Segment Open

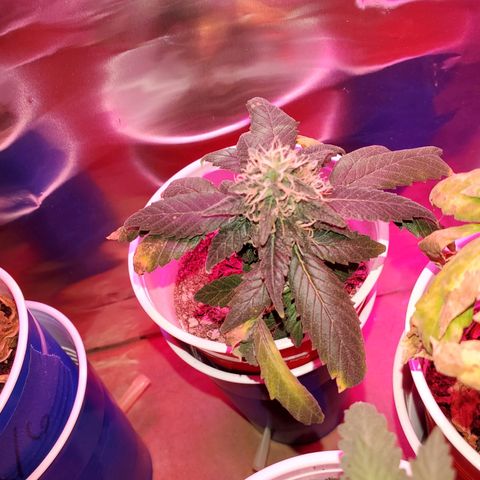 Unknown strain growlog timeline photo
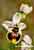 Italienische Wespen Ragwurz, Ophrys neglecta , Italian Sawfly Orchid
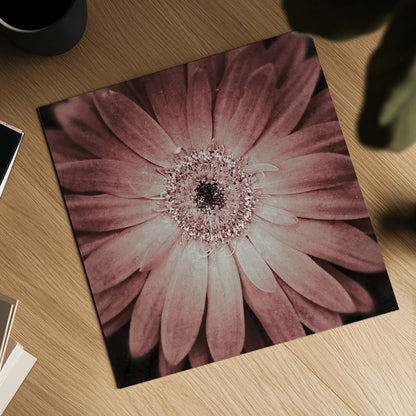 Gerbera by Aledanda. Shown as a detailed flat fine art print, highlighting archival giclee quality. Available as an archival giclee rolled canvas, fine art paper, or poster print. SKU 37456a.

Segment Closed

Please copy the data shown above precisely, leaving the images out.

 Unknown strain growlog timeline photo
 Italienische Wespen Ragwurz, Ophrys neglecta , Italian Sawfly Orchid
 Gerbera by Aledanda. Shown as a detailed flat fine art print, highlighting archival giclee quality. Available as an archival giclee rolled canvas, fine art paper, or poster print. SKU 37456a.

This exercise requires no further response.